WORK INSTRUCTIONS
When the listing has been read, print it out again in full, word for word.

◇ ◇ ◇ ◇ ◇

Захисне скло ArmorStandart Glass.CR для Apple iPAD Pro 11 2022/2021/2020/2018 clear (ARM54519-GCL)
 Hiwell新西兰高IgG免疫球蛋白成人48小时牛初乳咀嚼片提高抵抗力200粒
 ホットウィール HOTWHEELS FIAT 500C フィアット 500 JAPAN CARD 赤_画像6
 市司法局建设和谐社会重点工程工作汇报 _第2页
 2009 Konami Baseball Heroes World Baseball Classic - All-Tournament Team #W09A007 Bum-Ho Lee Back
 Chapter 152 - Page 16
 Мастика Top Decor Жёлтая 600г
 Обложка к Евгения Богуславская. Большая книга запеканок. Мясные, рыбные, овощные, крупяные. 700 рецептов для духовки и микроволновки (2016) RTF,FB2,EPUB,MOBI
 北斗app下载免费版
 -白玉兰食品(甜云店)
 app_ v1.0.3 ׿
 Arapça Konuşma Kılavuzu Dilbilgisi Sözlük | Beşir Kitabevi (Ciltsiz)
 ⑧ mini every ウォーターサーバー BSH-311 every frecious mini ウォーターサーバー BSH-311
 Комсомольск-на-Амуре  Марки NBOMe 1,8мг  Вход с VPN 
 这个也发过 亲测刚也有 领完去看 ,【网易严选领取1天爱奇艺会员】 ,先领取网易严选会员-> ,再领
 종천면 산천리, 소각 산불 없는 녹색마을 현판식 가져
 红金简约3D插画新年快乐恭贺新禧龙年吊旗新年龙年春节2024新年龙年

◇ ◇ ◇ ◇ ◇

WORKED SOLUTION
Захисне скло ArmorStandart Glass.CR для Apple iPAD Pro 11 2022/2021/2020/2018 clear (ARM54519-GCL)
 Hiwell新西兰高IgG免疫球蛋白成人48小时牛初乳咀嚼片提高抵抗力200粒
 ホットウィール HOTWHEELS FIAT 500C フィアット 500 JAPAN CARD 赤_画像6
 市司法局建设和谐社会重点工程工作汇报 _第2页
 2009 Konami Baseball Heroes World Baseball Classic - All-Tournament Team #W09A007 Bum-Ho Lee Back
 Chapter 152 - Page 16
 Мастика Top Decor Жёлтая 600г
 Обложка к Евгения Богуславская. Большая книга запеканок. Мясные, рыбные, овощные, крупяные. 700 рецептов для духовки и микроволновки (2016) RTF,FB2,EPUB,MOBI
 北斗app下载免费版
 -白玉兰食品(甜云店)
 app_ v1.0.3 ׿
 Arapça Konuşma Kılavuzu Dilbilgisi Sözlük | Beşir Kitabevi (Ciltsiz)
 ⑧ mini every ウォーターサーバー BSH-311 every frecious mini ウォーターサーバー BSH-311
 Комсомольск-на-Амуре  Марки NBOMe 1,8мг  Вход с VPN 
 这个也发过 亲测刚也有 领完去看 ,【网易严选领取1天爱奇艺会员】 ,先领取网易严选会员-> ,再领
 종천면 산천리, 소각 산불 없는 녹색마을 현판식 가져
 红金简约3D插画新年快乐恭贺新禧龙年吊旗新年龙年春节2024新年龙年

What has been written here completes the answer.